The presence of this piping makes it highly likely that Gazprom will go ahead with a second string for Turkish Stream, even though the intergovernmental agreement (IGA) signed by the Turkish and Russian ministers of energy in Istanbul October 10 gives Russia the right to cancel the second line.

The uncertainties concerning the second line do not relate so much to the issue of whether it will be built as to the use that will be made of it. The IGA provides for Gazprom and/or its affiliates to have 100% ownership of the offshore section and for Turkey’s Botas to have 100% ownership of the onshore section; a logical arrangement since the agreement specifies that the onshore section shall terminate at a connection “with the existing gas system of the Republic of Turkey.” In practice, this means Botas will be sole owner and operator of a short line of around 80 km from Kiyikoy to Luleburgaz, the nearest potential junction with Turkey’s main distribution system.

However, while the second offshore line will be 100% Gazprom and/or its affiliates, the onshore line to “to the border of the Republic of Turkey with its neighbouring countries” will be a 50-50 partnership between Gazprom and Botas. In practice, this is expected to follow the onshore section to Luleburgaz and then run 130 km further to Ipsala, on the Turkey-Greece border. The significance of Ipsala (on the Turkish side of the border, and of Kipoi on the Greek side) is that this is the point at which the Tanap pipeline across Turkey connects to the Trans-Adriatic Pipeline (TAP) across Greece and Albania in order to deliver Azerbaijani gas to Europe.

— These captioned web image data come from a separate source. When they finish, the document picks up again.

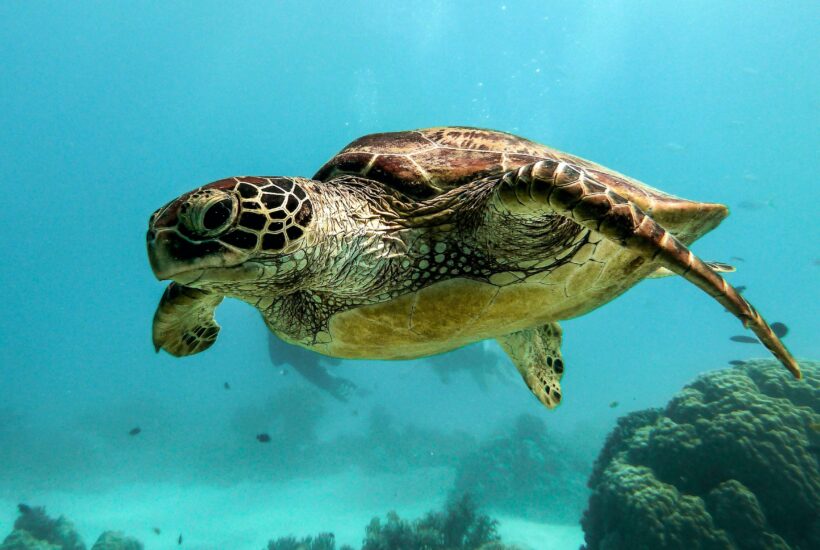 Plage et plongée : où voir des tortues à Mayotte ?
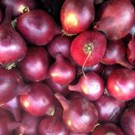 Oignon  Oignon rouge  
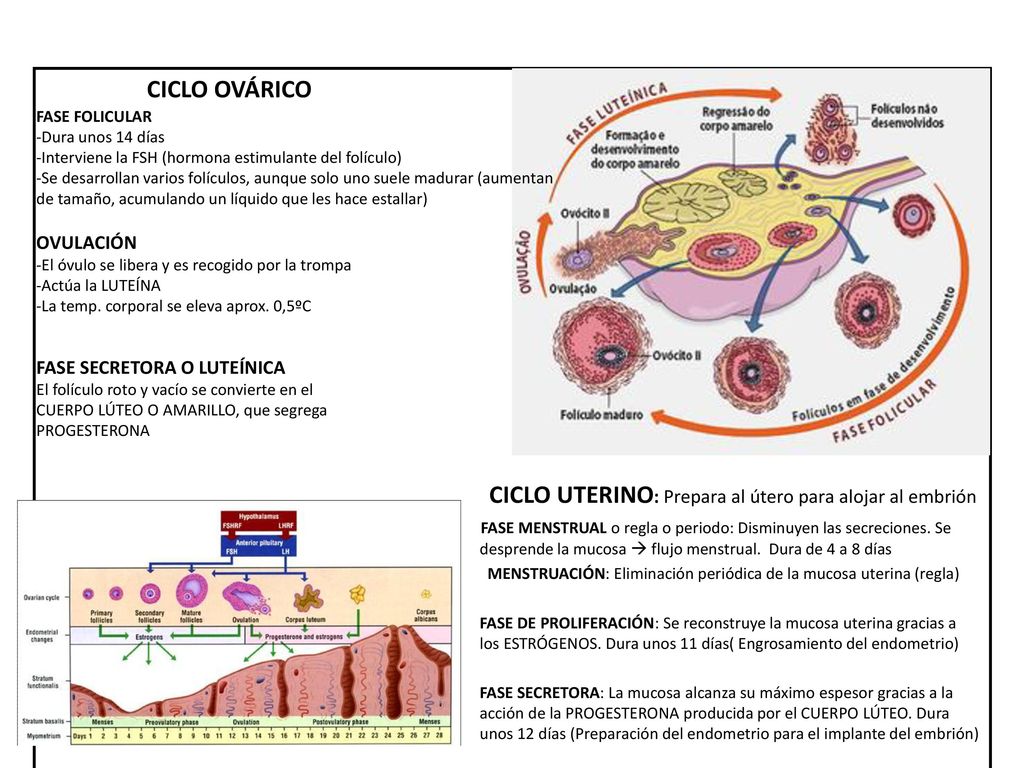 CICLO UTERINO: Prepara al útero para alojar al embrión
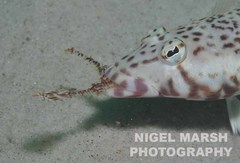 Parapercis stricticeps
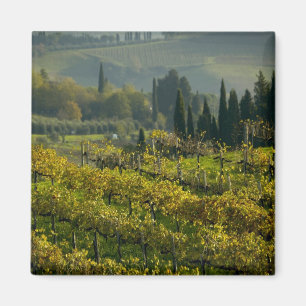 Weingarten, Toskana, Italien Magnet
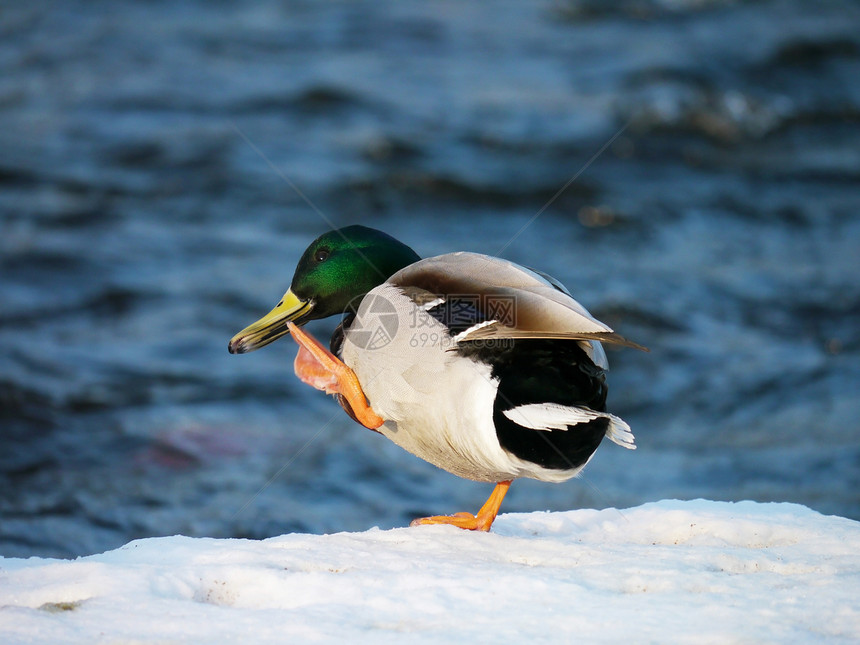 冬天在河上蹲鸭子羽毛白色淡水绿色摄影季节性女性翅膀池塘冻结图片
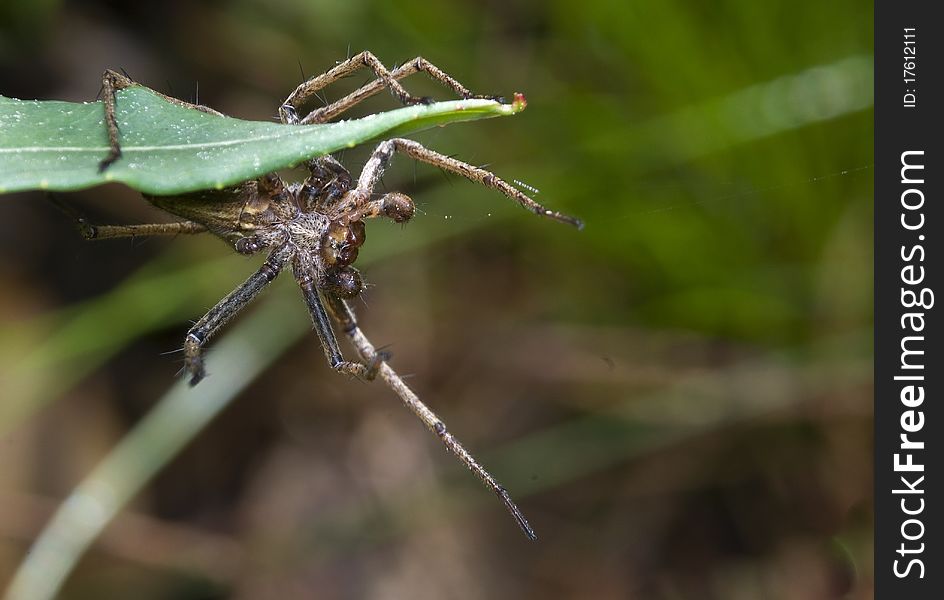 Pisaura mirabilis a spider with a highly variable coloration while hunting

So far, Gazprom has provided no indication that it might be interested in shipping gas carried by Turkish Stream’s second string to European customers via TAP, although EU rules specifically allow for third party access to the second 10bn m³/yr element of TAP capacity.

Indeed, judging by a meeting held in Moscow on 13 December between Gazprom, Italy’s Edison and Depa, Greece’s gas supplier, Gazprom is still looking at options to deliver second string Turkish Stream gas to Europe via a wholly new pipeline system intended to reach Italy by means of a new pipeline across Greece and the revival of an old project – Poseidon – for a direct 200-km pipeline across the Adriatic from Greece to Italy. At the very least, the talks with Edison indicate that Italy and France – since Edison is owned by Electricite de France – are very much in Gazprom’s sights when it comes to identifying potential European Union customers for Russian gas deliveries via Turkish Stream.

The problem is who will finance such an approach. In June, Shatalov said with regard to the overall Turkish Stream project that “the level of readiness to attract project financing is very high.” The IGA carefully leaves the way open for third parties to join the system, specifying that both the company developing the offshore section (in effect, Gazprom) and the company developing the onshore section to connect to the second string (in effect, the Gazprom-Botas consortium) “may raise third party funding.”

At present, there is no indication as to which third parties might be approached to help defray Turkish Stream’s cost. Meanwhile, the most salient fact remains the simplest. As Gazprom stated in its announcement December 8: “Allseas will start building the first string of the pipeline in the second half of 2017.”